And lastly, how far along in the future do you plan when it comes to managing your channel partnerships? The relationship management of channel partners has evolved and channel programs may not be the same today as they will be in the future.
All of this really is crucial to knowing and understanding how to best engage your channel partners so that you can create this bond they won't soon forget and ultimately, you'll get the most out of your channel partners.
Our guest, Tan Tran, has had a number of very positive things said about him:
- Solving partners issues that impact revenue and growth.
- His approach to relationship building has driven a lot of traction with reseller partnerships that they share with others.
- His innovation, his strategic perspective in streamlining the business process has opened up new verticals and opportunities for his channel partners.
These are just some of the things channel partners have had to say about working with him.
He's been in the channel space for nearly a decade and throughout this time, he's left a big impact on many channel partners he's worked with. Today, he's the channel development manager at SAP Concur.
He's here with us to share his tips and tricks and we're going to focus on 3 little-known ways to engage channel partners.
Have a solid partner engagement strategy
Paul Bird: Why don't we get started with the basics? Can you tell us why it's crucial that organizations have a solid partner engagement strategy in place and what can go wrong if they don't have things prioritized accordingly?
Tan Tran: That's something that I think channel managers and people in leadership roles face every day. Which is, how can we operate in a more effective and efficient way?
And let's face it, the truth is that when we're partnering out there, there are organizational, cultural, and process differences. And a lot of times, it's hard for us to accept that and we want them to apply it to our methods and our organizational processes. But that's not the reality, right? What we do have in common, is a common goal for revenue, that's for sure.

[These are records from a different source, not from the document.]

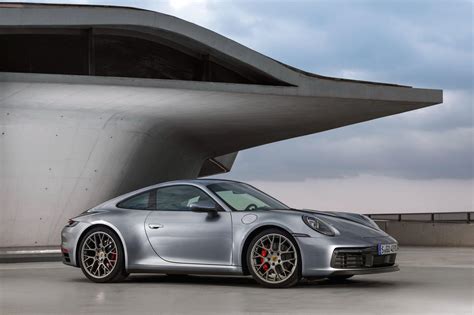 photo of Porsche 911 carrera 4s car production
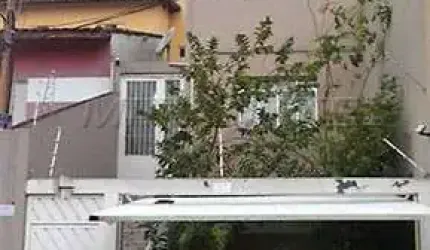 Sobrado de 124m² com 2 quartos em Vila Carbone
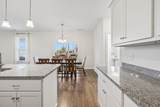 1004 Vanguard Dr - Photo 23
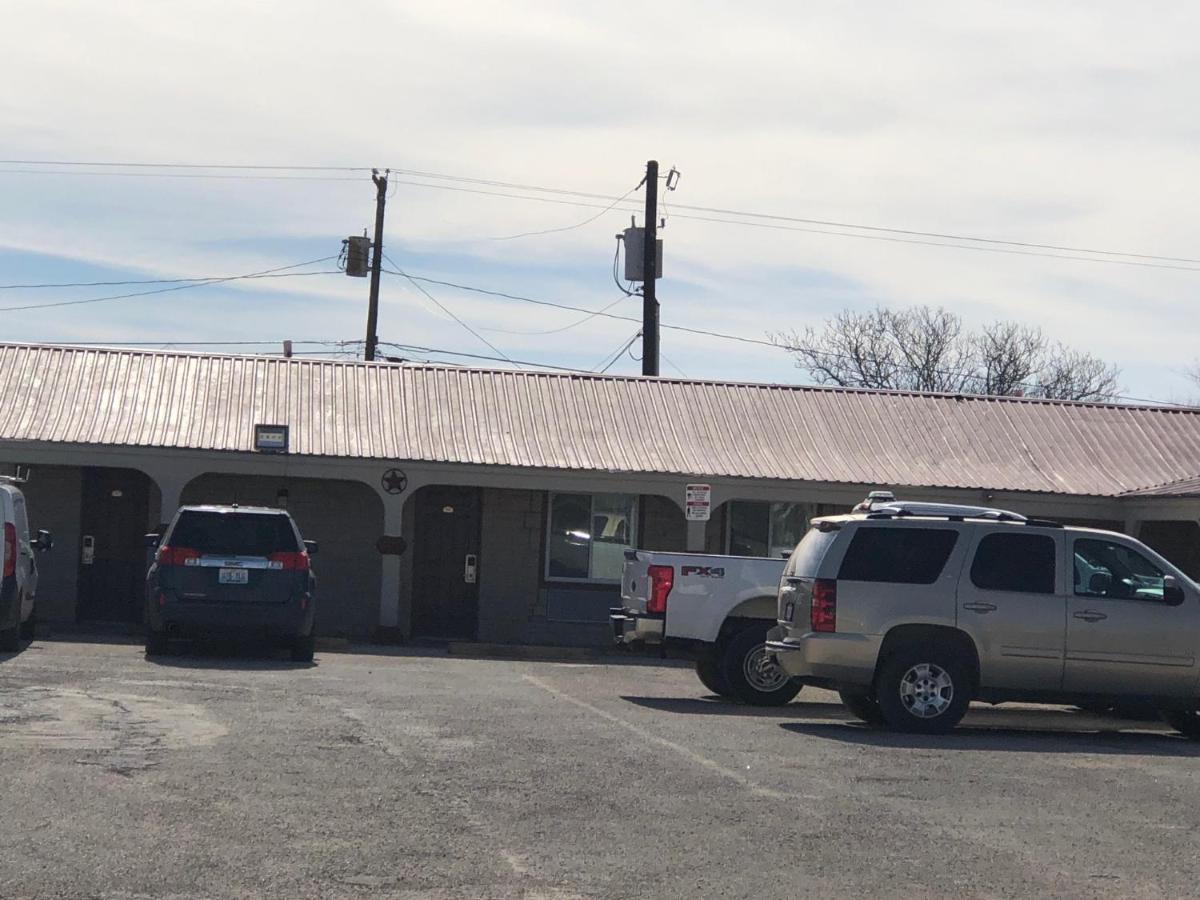 Executive Inn — photo 14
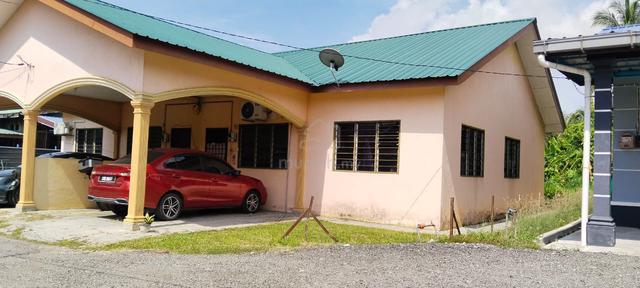 Rumah Kawasan Kampung Untuk Disewa 1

"When you don't have the proper goals, incentives, process, and support in place, you won't only have a costly channel program with unsatisfied partners, but it can potentially damage your overall brand, and hence, affect what that revenue goal is at the end of the day."
I'd say it's very, very crucial you make sure that you figure out how you can really partner up together and have that alignment in place so that we have a common understanding of what we're both trying to achieve.
Paul Bird: That's something, when talking with channel chiefs, that I hear quite a bit. There's two schools of thought.
One is to go wide. They want to be able to capture every possible organization that will represent them for their product and services. Like the way that Microsoft did it - 10 years ago, everyone was a Microsoft partner.
Then you also have people now that are laser-focused. Where they're defining the ideal partner profile and then recruiting people that fall into that profile.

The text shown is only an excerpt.